Multi-Query Attention
Using shared key and value vectors among attention heads reduces the memory overhead at inference by reducing the size of the KV cache.
Linformer
A linear time self-attention is achieved by breaking down the scaled dot-product attention into multiple smaller attentions using linear projections. Together, these operations create a low-rank factorization of the original attention mechanism.
Roformer
"Rotary Position Embedding, or RoPE, is a type of position embedding which encodes absolute positional information with rotation matrix and naturally incorporates explicit relative position dependency in the self-attention formulation."

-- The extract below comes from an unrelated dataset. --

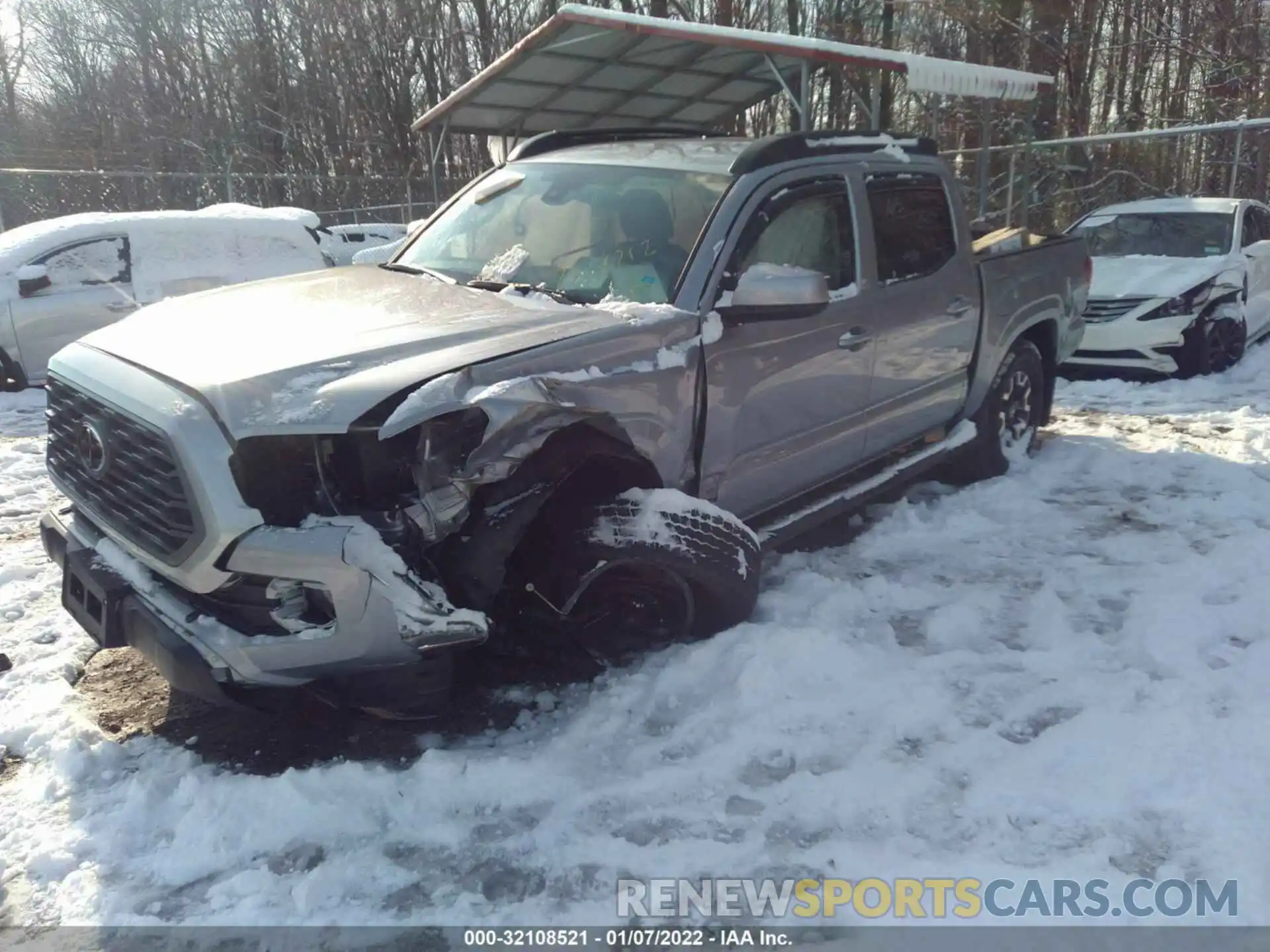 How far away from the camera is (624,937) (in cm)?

One Wide Feedforward is All You Need
📎 Paper
It is suggested that the Feedforward Network (FFN) are unnecessary and redundant in Transformers. As a result, the FFN is removed from the Transformer decoder, shared in the encoder. Even though there is a small decrease in accuracy as a result of this change, when the model is scaled back to its original size, it leads to enhanced accuracy and decreased latency. They report 18.5% speed-up using this technique.
Performer
Time: O(Td^2 log d)
Space: O(Td log d + d^2 lod d)
Performer can "estimate" regular dot-product attention using an approach called "Fast attention via positive orthogonal random features" FAVOR+. FAVOR+ combines low-rank approximation, matrix factorization, and matrix decomposition; then the space and time complexity becomes much more linear.
Reformer
Time: O(T log Td)
Space: O(T log T + Td)
Reformer model incorporates three techniques to improve efficiency. First, it uses "reversible residuals" to reduce memory consumption by storing only one copy of the intermediate activation that can be used to reproduce the activations of the earlier layers by the model parameters. This helps minimize the memory overhead. Second, it splits values into chunks, saving memory in FFT layers and make the inference more efficient. Lastly, Reformer uses locality-sensitive hashing to approximate the attention matrix for a more efficient runtime.
Monarch Mixer
"Monarch Mixer uses monarch matrices for a sub-quadratic model in sequence length and model dimension. The idea is to replace the major elements of a Transformer with Monarch matrices — which are a class of structured matrices that "generalize the FFT and are sub-quadratic, hardware-efficient, and expressive." In Monarch Mixer, they use layers built up from Monarch matrices to mix across the sequence (replacing the Attention operation) and across the model dimension (replacing the dense MLP).
Conformers
📎 Paper
👩💻 Code (unofficial)
The Conformer is a variant designed for speech recognition. While the Transformer excels at capturing global relationships, it is less effective than convolutional layers in capturing local information. To address this, the Conformer augments the Transformer model by adding convolutional layers between the attention module and the final feedforward layer. As a result, the Conformer achieves significantly better performance than previous Transformer and CNN-based models, setting new state-of-the-art on ASR.
Efficient Streaming LMs with Attention Sinks
📎 Paper
This looks similar to Longnet, but they keep a set of learnable tokens - sinks - at the beginning of the generated sequence, observing that it improves stability and performance even if you window the attention computation.